Agency is about taking action, having initiative, and controlling things in an environment. It is the LLM’s ability to do tasks and make decisions that affect the real or digital world, not just talk about them. This is where standard LLM use often stops. For LLMs to really help with complex tasks like coding, they need enough agency to act for us.

Building agentic LLMs

Developing this agency is what makes vibe coding possible. LLMs need to use tools, change files, run code, and interact with systems, not just generate text. The ability to execute tasks from instructions is the foundation.

How do we give LLMs more agency? There seem to be two main routes. First, build smarter models designed for agency. This means training them on data showing agentic behavior, using methods like reinforcement learning, and designing models focused on task execution rather than only language. Evaluation is shifting too, with benchmarks like SWE-bench testing practical coding ability, which requires real agency. Anthropic showing Claude 3.7 Sonnet playing Pokemon is a good example of this focus on action and decision-making.

The second route is giving LLMs useful tools and ways to interact with the world. An LLM’s intelligence is limited if it can’t act. Tools connect the model to APIs, databases, file systems, web searches, and so on. The model needs reliable interfaces for getting information, running code, and changing its environment, turning “thinking” into “doing.”

Standardizing interaction with MCP

Integrating tools used to be a headache. Developers had to manually specify exactly how an LLM should use each API or system, a messy, non-standard process.

To fix this, the Model Context Protocol (MCP) was introduced. First proposed by Anthropic and now also adopted by OpenAI, MCP is an open standard for connecting AI models with external tools and data. Think of it as a “USB-C for AI applications.”

MCP works by creating a standard communication layer. Model providers, like OpenAI and Anthropic, make their LLMs MCP-compatible. Tool providers, like GitHub, Slack, or custom local tools, make their tools speak the MCP language. This lets models use any MCP tool through one interface, and tools become usable by any compatible model. The flow is typically: LLM decides a tool is needed -> sends MCP request -> tool executes -> returns MCP result -> LLM proceeds.

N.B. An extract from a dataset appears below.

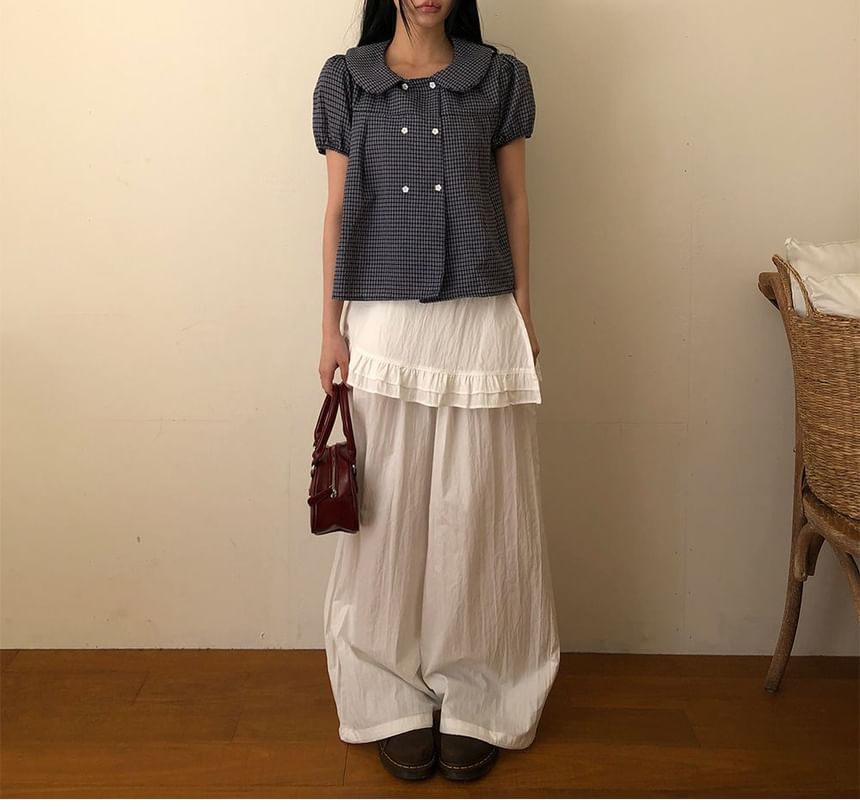 Short Sleeve Collared Plaid Double Breasted Blouse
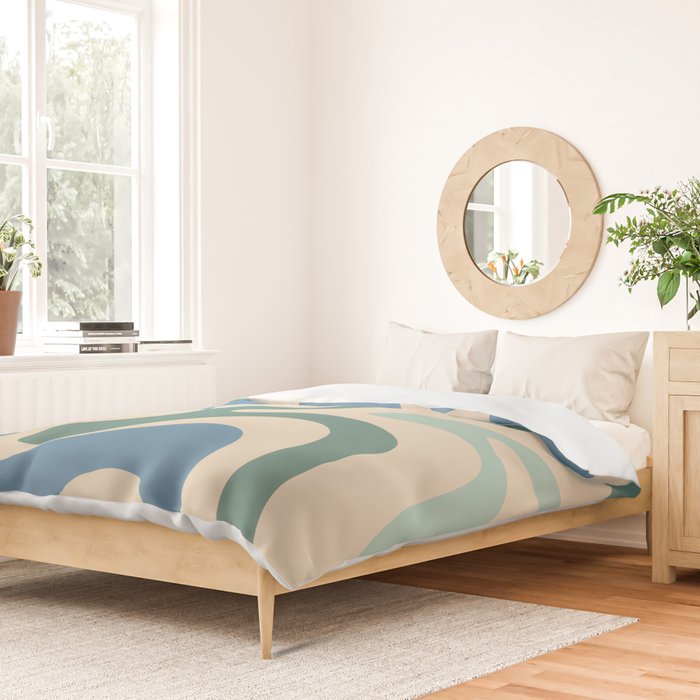 Retro Liquid Swirl Abstract Pattern Blue Aqua Teal Beige Duvet Cover Gallery Image 2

It’s no accident that the places where vibe coding is starting to happen, like the Cursor editor or the Claude Code interface, rely heavily on tool access. These tools give LLMs agency by providing controlled access to the file system, terminal, web search, and other interfaces. The formula is something like: smart model + useful tools = agentic capability = vibe coding.

Limitations and the road ahead

Of course, Vibe Coding isn’t perfect right now.

  • Supervision Needed: You still need to watch closely. LLMs can make mistakes or get stuck.
  • Scalability: It works better for smaller projects. Complexity can become an issue.
  • Understanding: Relying only on the LLM can mean you don’t understand your own codebase well (black box risk).
  • Maturity: The tech is new and not ready for everything, especially critical systems.
  • Debugging: Fixing bugs in code you didn’t write and barely understand is hard.

But this is likely just the beginning. LLM reasoning and agency are improving, and standards like MCP are making tool integration easier. “Vibe coding” still feels experimental, but the core trend is real: LLMs are becoming agents that can handle more complex tasks. It is worth watching closely.